_TASK REQUIREMENTS_:
Each line from the one that contains "Business office black" to the last line of the records below must be restated word for word.

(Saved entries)

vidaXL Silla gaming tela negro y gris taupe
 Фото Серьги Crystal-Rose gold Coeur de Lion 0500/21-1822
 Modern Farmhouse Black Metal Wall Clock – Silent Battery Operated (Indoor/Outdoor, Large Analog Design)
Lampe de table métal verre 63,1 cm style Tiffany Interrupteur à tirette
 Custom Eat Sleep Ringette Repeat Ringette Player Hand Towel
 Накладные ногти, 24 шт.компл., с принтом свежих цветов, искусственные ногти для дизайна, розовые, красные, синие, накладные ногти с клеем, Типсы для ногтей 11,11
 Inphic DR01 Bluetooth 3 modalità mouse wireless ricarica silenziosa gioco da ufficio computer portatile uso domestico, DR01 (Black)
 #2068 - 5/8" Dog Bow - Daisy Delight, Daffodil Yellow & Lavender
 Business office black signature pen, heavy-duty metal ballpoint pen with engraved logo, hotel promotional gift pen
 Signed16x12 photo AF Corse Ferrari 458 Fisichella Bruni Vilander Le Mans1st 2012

_EXPECTED ANSWER_:
 Business office black signature pen, heavy-duty metal ballpoint pen with engraved logo, hotel promotional gift pen
 Signed16x12 photo AF Corse Ferrari 458 Fisichella Bruni Vilander Le Mans1st 2012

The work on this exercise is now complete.